IAEA: Balance sheet: Radiation material is often stolen or lost

IAEA: Balance sheet: Radiation material is often stolen or lost

In total, more than 4,200 incidents are known in which radiant substances fell into the wrong hands. Radioactive material was also lost in 2023. What role does crime play in this?

The International Atomic Energy Agency (IAEA) is calling for better protection when transporting radioactive material. Last year, 31 countries reported a total of 168 cases in which radiant substances were stolen, lost or otherwise fell into the wrong hands.

This emerges from figures that the IAEA published at the beginning of a nuclear security conference in Vienna.
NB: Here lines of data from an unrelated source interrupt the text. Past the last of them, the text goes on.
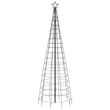 Bowery Hill Contemporary Extra Tall Led Christmas Tree in Cold White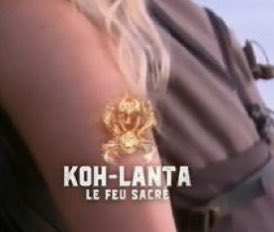 sarkaustik's tweet photo. #KohLantaLeFeuSacre c’est quoi ce logo tout pourri?? Une araignée ? https://t.co/y7ojIeHRhs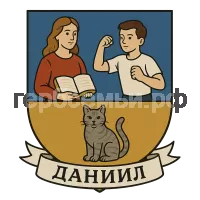 Герб семьи Даниил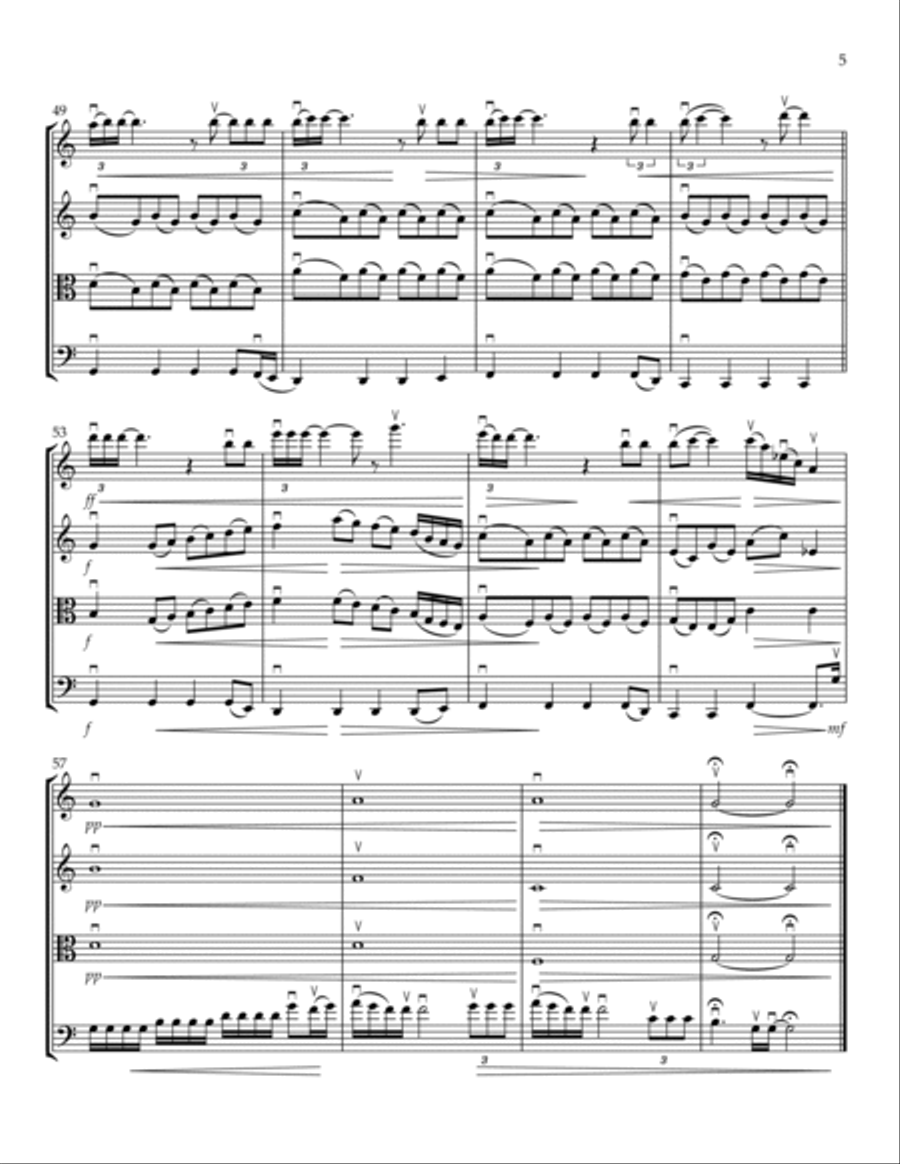 Anyone Anyone String Quartet scores gallery preview page 5
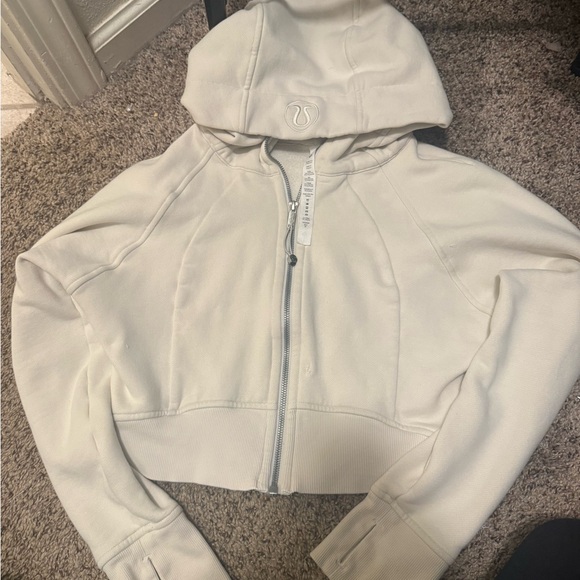 lululemon athletica Sweaters - Lululemon Athletica scuba full zip cropped ( bone)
This corresponds to the long-term average. Since records began in 1993, there have been a total of more than 4,200 incidents.

Little crime

According to the IAEA, more than half of all thefts occur during the transport of radioactive material. These often involve contaminated metal waste, technical devices equipped with radiation sources or medical goods. “Nuclear material and other radioactive materials remain vulnerable to safety risks during transport,” warned Elena Buglova, head of the IAEA’s Nuclear Safety Division.

According to the IAEA, crime is only very rarely clearly involved when such health-endangering material disappears. Last year only six incidents were linked to illegal trafficking or criminal intent. In most other cases, radioactive materials were disposed of or transported without appropriate authorization, for example.

In recent years, the IAEA has recorded only a handful of criminal incidents at a time, while the number of non-criminal cases has increased since the early 2000s.